We present quantum-chemical calculations for the ground and some low-lying excited states of isolated LiCa and LiSr molecules using multi-state complete active space second-order perturbation theory (MS–CASPT2). The potential energy curves (PECs) and their corresponding spectroscopic constants, obtained at the spin-free (SF) and spin-orbit (SO) levels, agree well with available experimental values. Our SO–MS-CASPT2 calculation at the atomic limit (R = 100 a.u.) with the largest basis set reproduces experimental atomic excitation energies within 3% for both LiCa and LiSr. In addition, permanent dipole moments (PDMs) and transition dipole moments (TDMs) at the SF level are also obtained. Rovibrational calculations of the ground and selected excited states, together with the spontaneous emission rates, demonstrate that the formation of ultracold LiCa and LiSr molecules in low-lying vibrational levels of the electronic ground state may be possible. I. INTRODUCTION
Since the development of laser cooling, many research groups have directed their interest towards opening new fields of physics using ultracold (<10-3K) atoms/molecules to study cold collisions, quantum degeneracy, atom optics, and precise measurements. Recently, ultracold polar molecules have attracted attention in studies of anisotropic long-range dipole-dipole interactions1 in the ultracold regime. Although the application of laser cooling to molecules is difficult, several cooling methods, such as buffer gas cooling,2 Stark or Zeeman deceleration of molecular beams,3 and production of ultracold diatomic molecules from ultracold atoms, are being employed.
In photoassociation (PA) spectroscopy,4 pairs of ultracold atoms in the electronic ground state are combined using a laser to create ultracold molecules in a rovibrational level of an electronic excited state. Through spontaneous emission, these molecules decay to highly excited rovibrational levels of either the electronic ground state or a metastable state. Subsequent laser irradiation transfers the population of this rovibrational level to the v=0 level of the electronic ground state through stimulated Raman pumping. Preliminary theoretical calculations of the ground and excited potential energy curves (PECs), permanent dipole moments (PDMs), transition dipole moments (TDMs), and spontaneous emission rates are essential in devising the type of lasers required for such experiments.
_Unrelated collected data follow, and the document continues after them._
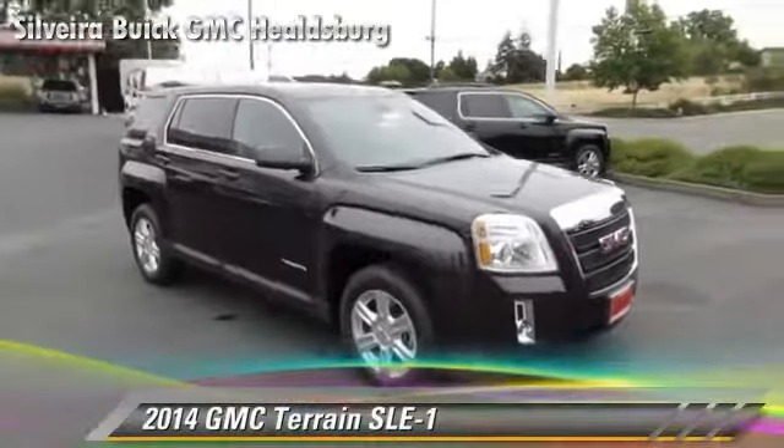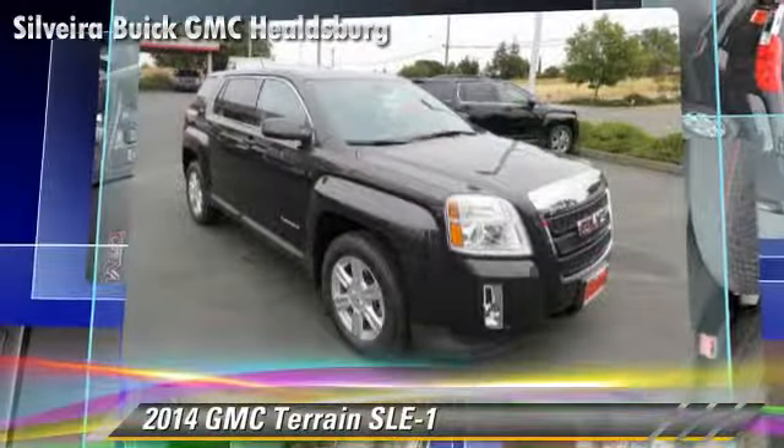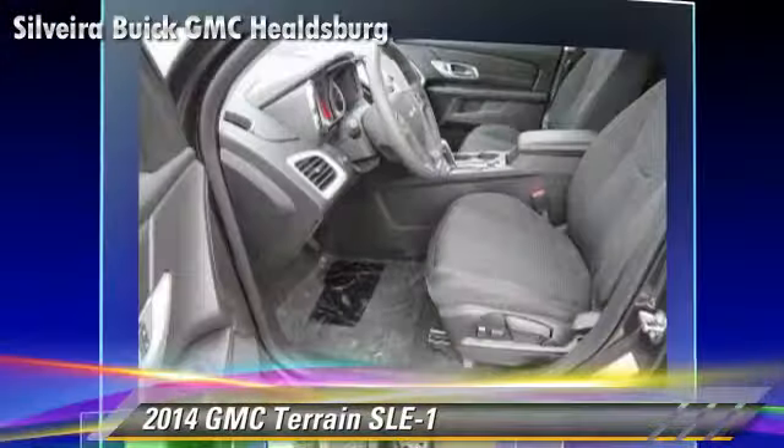Powered by a 2.4-liter 4-cylinder engine with a 6-speed automatic transmission, this vehicle is well equipped. This GMC features keyless entry, alloy wheels, and all-wheel drive.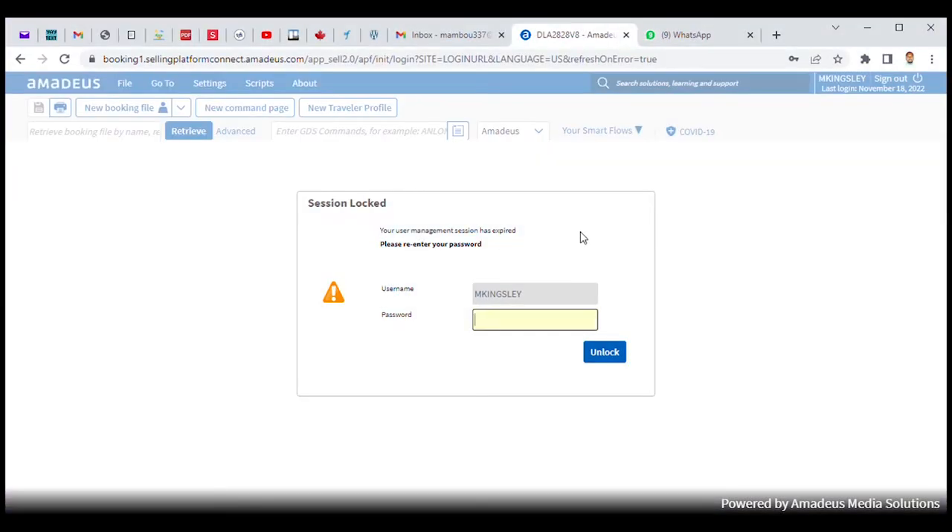Alright guys, so I'm going to show you how you can book your appointment for biometric collection at the Canadian consulate. The first thing is that you must make sure you have received your enrollment letter — your biometric enrollment letter from the Canadian government.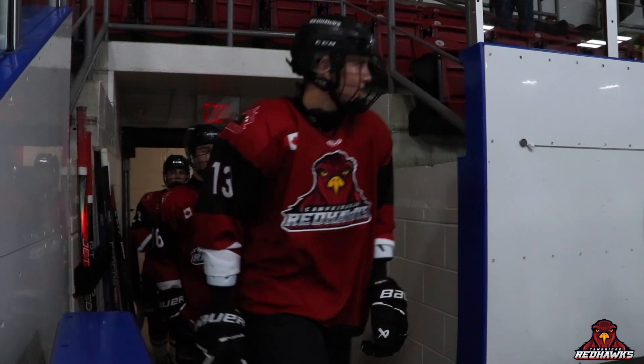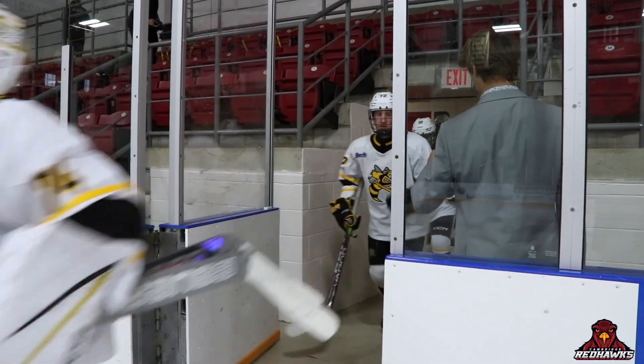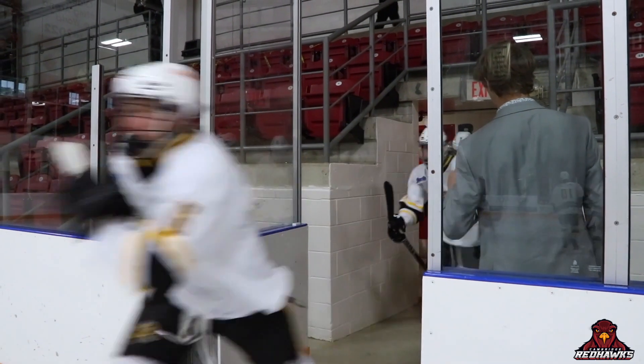U16 hockey from the Galt Arena Gardens in Cambridge, as the Cambridge Junior Redhawks play their home opener on Sunday afternoon, taking on the Lambton Junior Sting. Let's get into the first.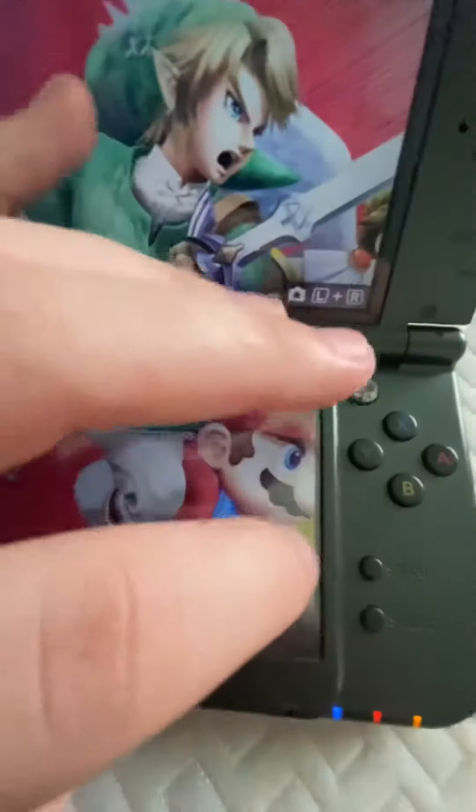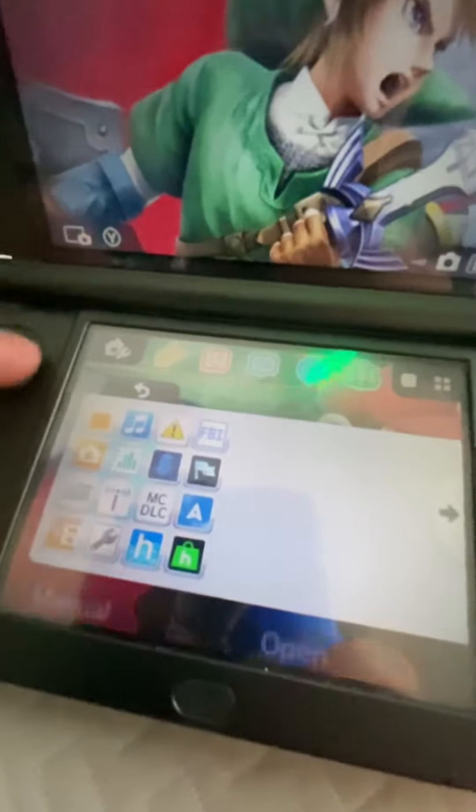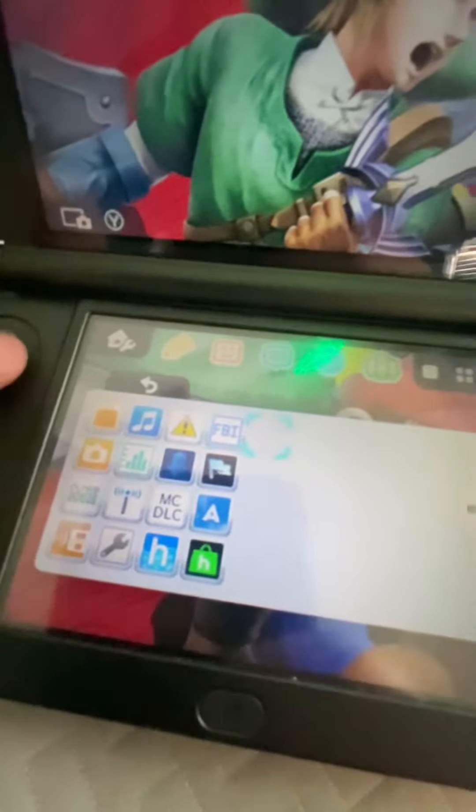You have a mod in Nintendo 3DS. Yes, apparently you have all these apps right here, but it's best if you don't update your system.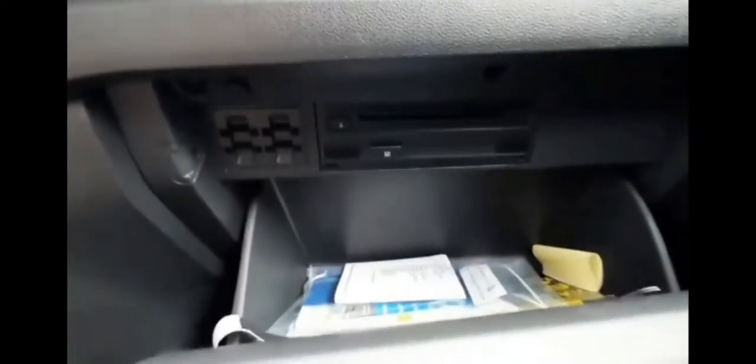In the armrest, you've got a nice big center console compartment with another USB port. It's got a lockable glove box compartment with a CD player inside. There's also gray wood trimming on the dash and each of the doors.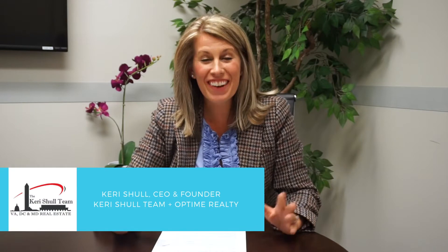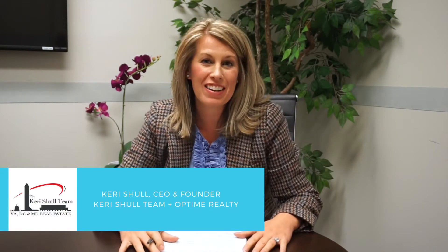Hi, it's Kerri Scholl again. Congratulations! We're so excited you're under contract on your new home. Now we're going to go through a couple of things to make sure you're prepared for the next few weeks and what's to come. I want to warn you, it will not be all smooth sailing. There will be a few bumps in the road, but we'll be right there beside you and ready to help you through every single step and provide you excellent customer service along the way.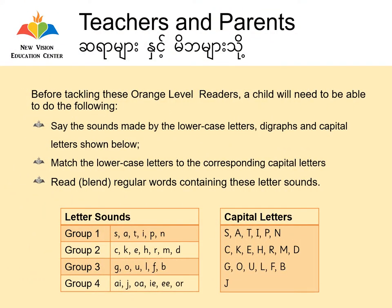Hello everyone, I'm Onyeng Xia from New Vision Education Center. Today, I'm going to read you the Jolly Phonics Orange Level Readers.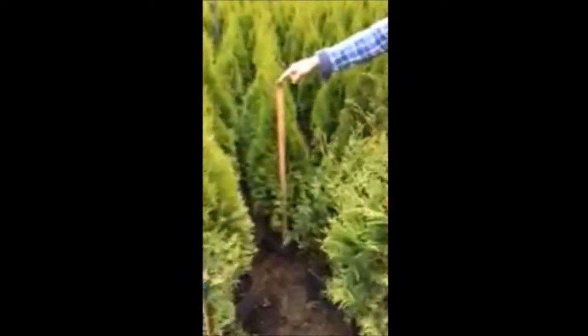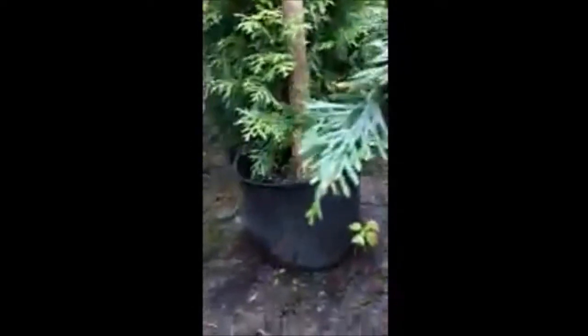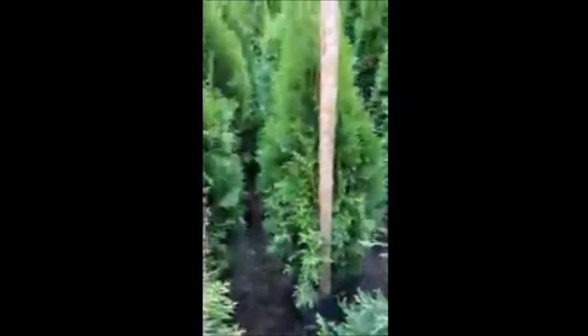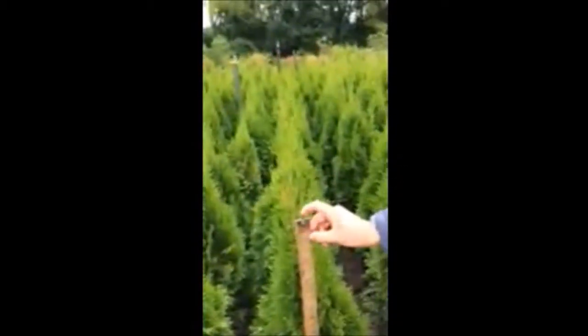This is a yardstick and it's put on top of the ball of the tree. The tree goes up 36 inches and then above it about 8, maybe 10 inches.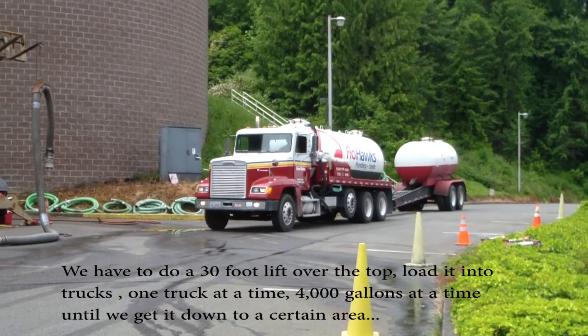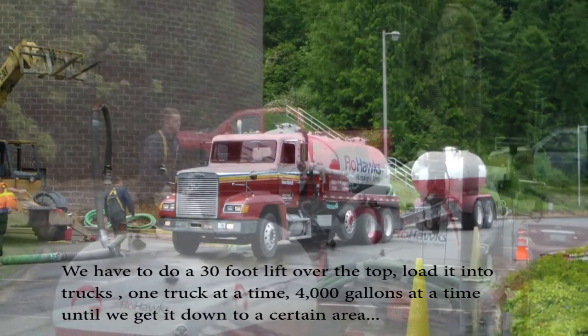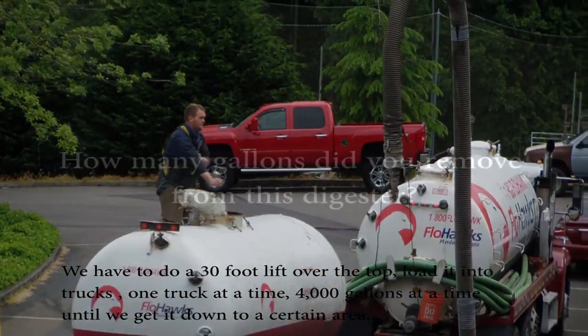We have to do a 30-foot lift over the top, loaded into trucks — one truck at a time, 4,000 gallons at a time, until we get it down to a certain level. This one: 120,000 gallons.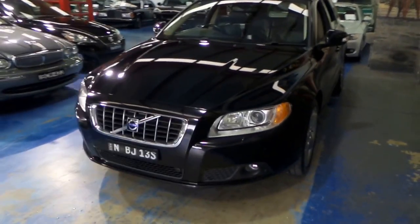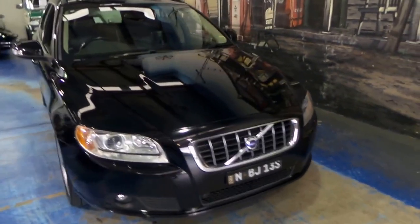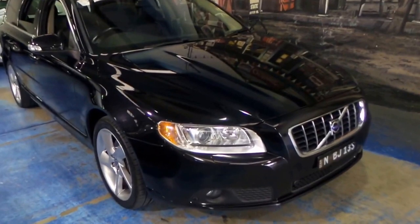This car also benefits from xenon lights. It's got an aftermarket navigation system — a Garmin — which works very well. It's got roof racks.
PA spectroscopy has been successfully employed for both bi-alkali (KRb, NaLi, NaCs, RbLi, RbCs, and CsLi)5 and alkaline-earth-metal atoms (Sr26 and Ca27,8). A recent theoretical investigation of SrYb9 reiterates the importance that PA experiments can play in the study of ultracold polar molecules. In our earlier study, we obtained the structure of the potential energy curves and the permanent and transition dipole moments of 6Li174Yb molecules10. Our studies support an ongoing experiment11,12 in which the simultaneous magneto-optical trapping of 174Yb and 6Li is followed by the production of 6Li174Yb molecules using PA or the Feshbach resonance in an optical lattice13. In a recent paper14, the production of 6Li174Yb molecules using Feshbach resonance was shown to be possible via a difficult experiment.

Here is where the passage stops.